Some observers have speculated that the Trump administration might simply stop enforcing ACA requirements — for example, cease collecting tax penalties for noncompliance with the individual mandate or stop requiring insurers to cover the ACA’s essential health benefits. For its part, the Obama administration was criticized for delaying enforcement of the ACA’s mandate that requires large employers to cover their employees or pay a tax and for allowing states to permit individuals to keep noncompliant health insurance plans beyond the 2014 effective date of the ACA reforms.

But whatever one thinks about the Obama administration’s actions, it is one thing to delay temporarily a legal requirement or to phase in a new law to facilitate adjustments by affected people or entities; it is quite another to refuse outright to enforce a law already in force, with the aim and effect of undermining that law. The Supreme Court has said that courts may step in to correct any such “abdication” of the executive branch’s duty to faithfully execute the law. In fact, the Internal Revenue Service announced on February 15 that it is still enforcing the individual mandate, although it will not be beginning a new program to tighten up enforcement at this time.

Some commenters have suggested that rather than refusing to enforce the individual mandate, the administration might simply try to hollow it out, relying on the authority the ACA gives the Department of Health and Human Services to grant “hardship” exemptions from the mandate. The Obama administration recognized some categories of hardships, and the Trump administration could recognize more. But expanding hardship exemptions broadly enough to render the mandate meaningless would be forcefully challenged in court. Congress could not have meant to authorize exceptions that, in effect, swallow the rule.
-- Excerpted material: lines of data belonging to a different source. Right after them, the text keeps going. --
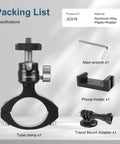 Packing list for Handlebar Bike Pole Mount Kit With 360 Degree Ball Head For Action Cameras, Phone Holder, And Triple Mount Adapter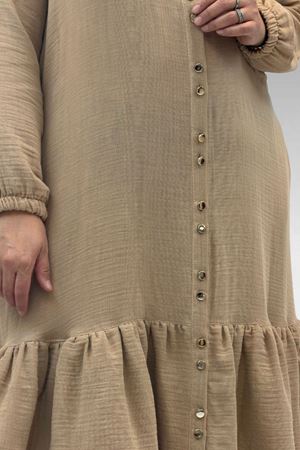 66002 Büyük Beden Eteği Fırfırlı Kolları Lastikli Müslin Ferace - Bej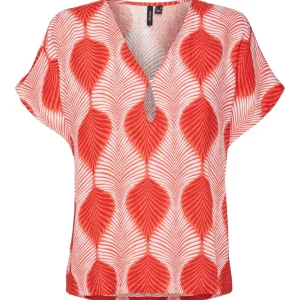 Vmtula Olga Ss Wide Top Wvn Ga - Rood Dessin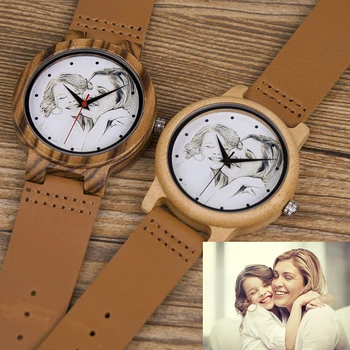 Индивидуални дървени часовници с UV-печат, с часовник за любителите на творческата личност, циферблат BOBO BIRD, подарък за семеен приятел, директна доставка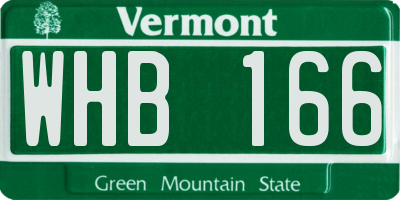 VT license plate WHB166
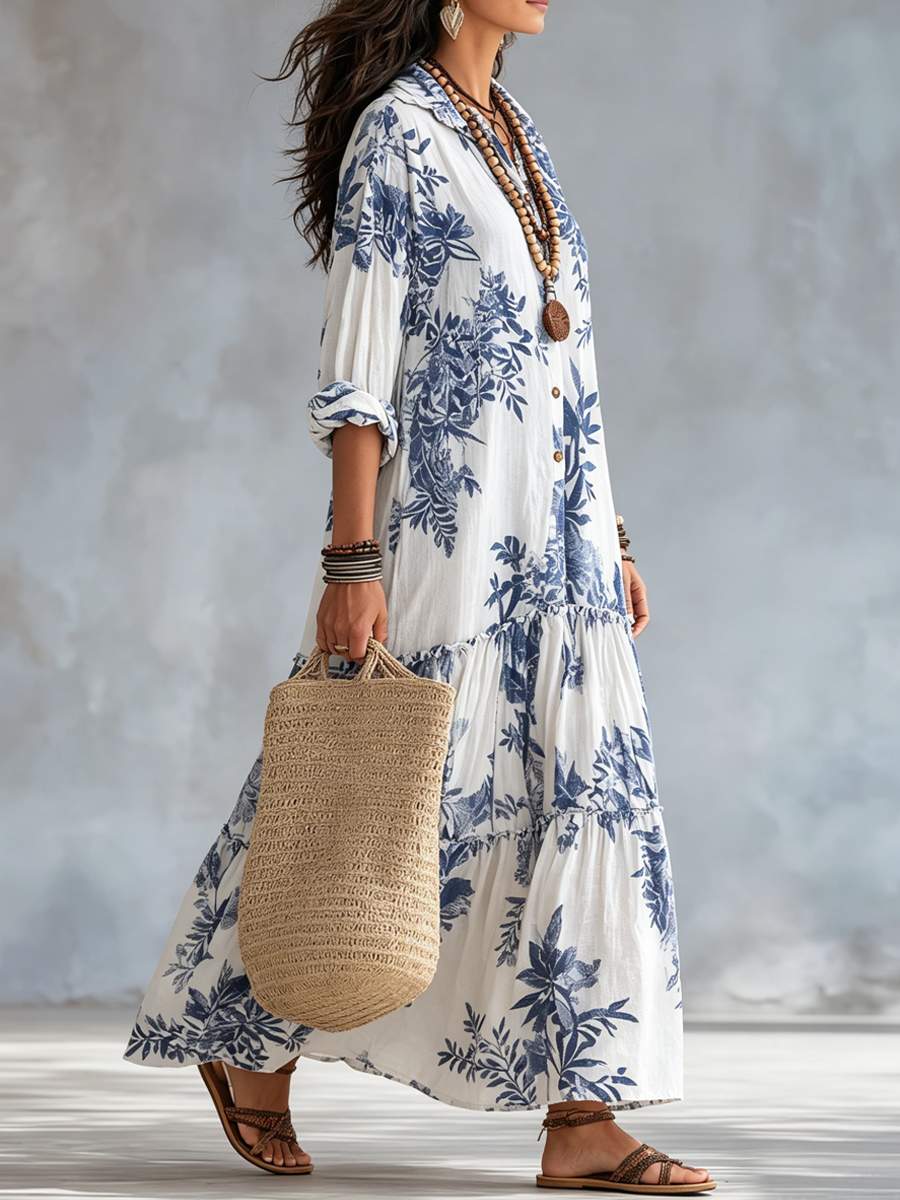 Robe Maxi Fleurie Bohème à Volants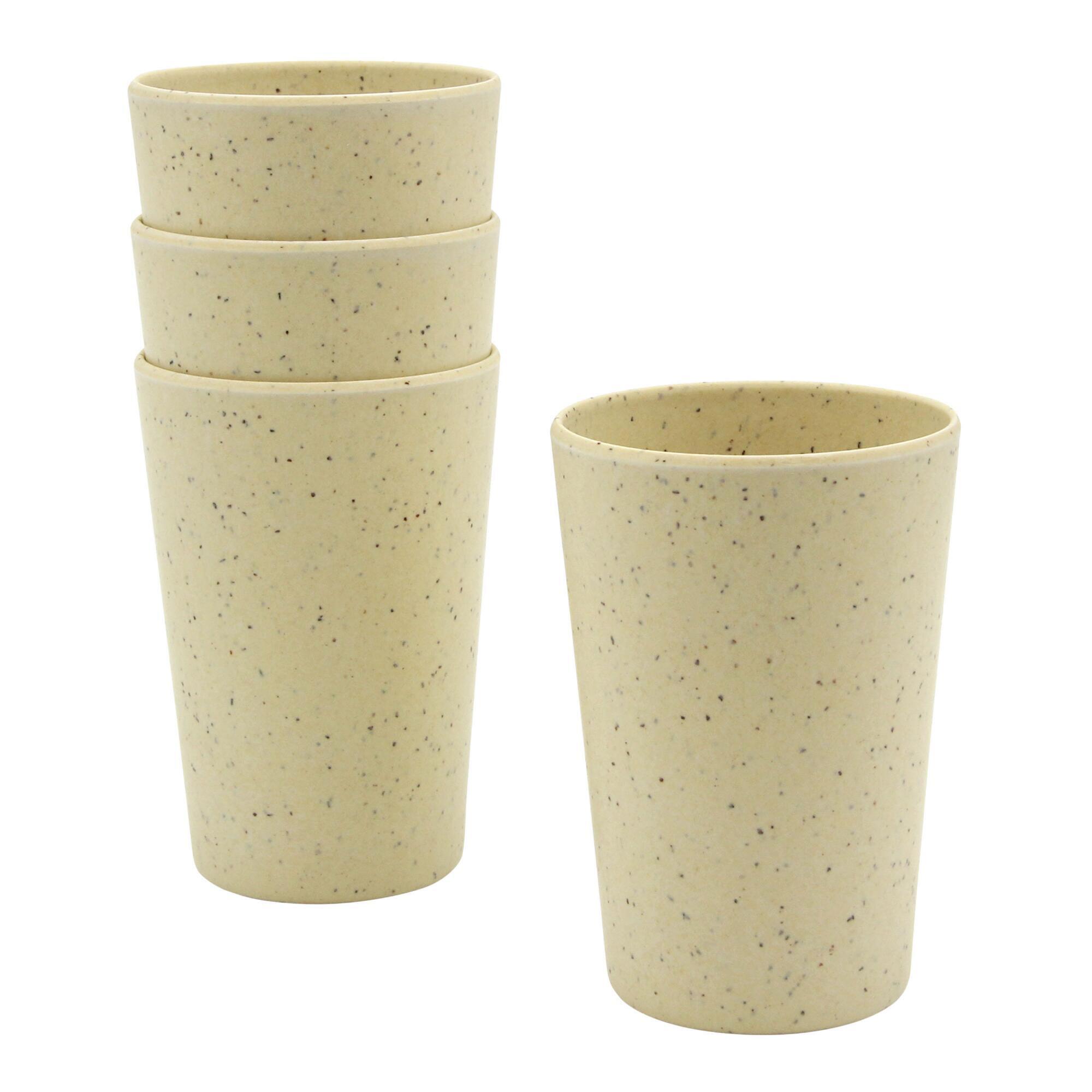 Bamboo Fiber and Recycled Coffee Ground Cups 4 Pack: Cream by World Market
In a critical 2015 Supreme Court case upholding nationwide availability of ACA “premium assistance” tax credits for eligible low-income insurance purchasers, Chief Justice John Roberts held that courts and agencies must interpret and apply individual provisions of a law — indeed, of the ACA in particular — so as to further its overall “legislative plan.” Roberts concluded: “Congress passed the Affordable Care Act to improve health insurance markets, not to destroy them. . . . [W]e must interpret the Act in a way that is consistent with the former, and avoids the latter.”

 A de facto blanket hardship waiver would seem difficult to square with this standard.

Over time, the Trump administration will undoubtedly revoke or amend Obama administration rules or guidance. But major changes in the ACA’s regulatory environment will require the cooperation of several federal agencies and often state regulators as well.

Precipitous changes in the enforcement of the law would severely disrupt insurance markets, with political, no less than policy or humanitarian, consequences. The Congressional Budget Office projects that gutting the law would lead comparatively healthy people to drop coverage, forcing insurers to raise premiums or withdraw from markets altogether. Such actions would, in turn, further shrink the insurance pool, raise premiums, and reduce insurance availability — resulting in an increase of 18 million in the number of uninsured Americans by 2018. Mulling such prospects, Republican strategists, both in and outside the administration, are reportedly already having second thoughts about precipitously sabotaging the ACA.